Trajectories, metaphysics of perception
Video work by Sigurður Guðjónsson and an electronic/piano composition by Anna
Thorvaldsdóttir
“All perceptual experience is a matter of bringing the world into focus by achieving the
right kind of skillful access to it, the right kind of understanding. Art matters because
art recapitulates this basic fact about perceptual consciousness. Art is human
experience, in the small, and so it is, in a way, a model or guide to our basic
situation.”(Alva Noe, 2012, p. 128)
If we are being guided by this artwork, where will it take us? A model of what are we being presented with? It is a guide to a part of perceptual experience where sound and visual perception are in unison. This model has been constructed to immerse us in a bodily experience; light, darkness, movement, and sound are presented as pure. It is not sand as such we are being presented with, but a mass that moves in direct relation to sound, this is not the darkness outside our window at night, but darkness as a premise for light. This is a feast for our senses, we are guided by the sparse elements of the work to experiences; romantic, dramatic, filled with artic night and white light of almost unearthly kind. This is perceptual experience that models something out of the ordinary.
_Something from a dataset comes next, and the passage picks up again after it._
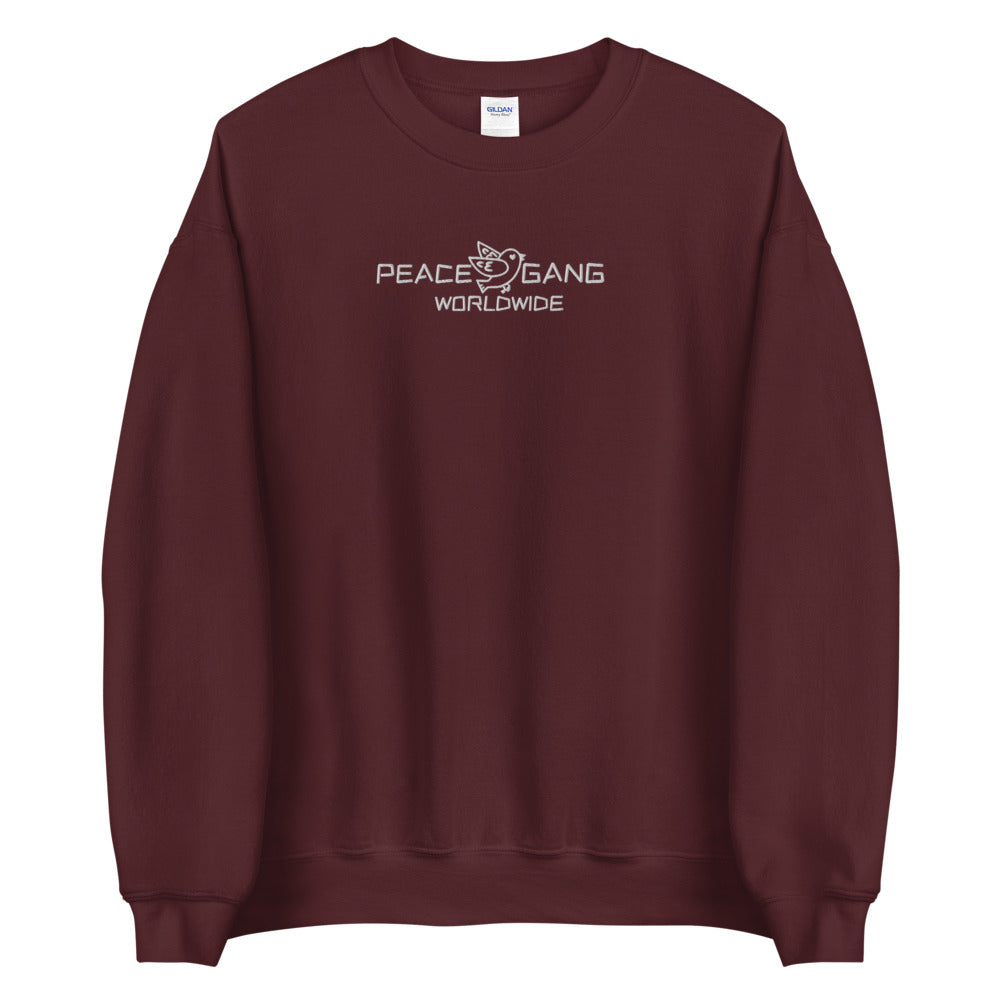 Customizable Unisex Embroidered Sweatshirt - PEACE GANG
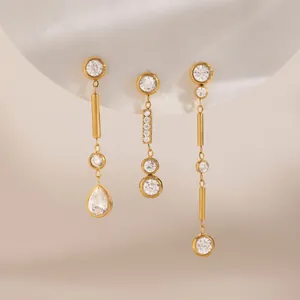 Edelstahl Quaste Ohrhänger Für Damen Vergoldet Strass Geometrische Ohrringe Mode Schmuck Zubehör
At least since the rise of empirical science, metaphysics has not been the
subject of direct experience. Our perceptual consciousness is usually not thought to
contain any direct relations to metaphysical truths, or untruths. We do not
experience these kinds of things (if they exist or are meaningful at all) but arrive at
them with the aid of our rationality, our abstract thinking. But if our perception is, in
fact, a learned or acquired skill, this strict dichotomy between perception and
rational thought seems less important. We all approach perceptual experience
armed with the experience and knowledge we have, and perceiving is conditioned
on these factors.
The interrupted flow, the sounds from the piano, the visible mass, the
darkness, the light, the movements, the trajectories directly experienced seem to
model metaphysics, seem to offer perceptual access to something that is usually
thought to be the subject of thought. This is a part of our basic situation that we
seldom get the chance to see, but when we do, we do so in art.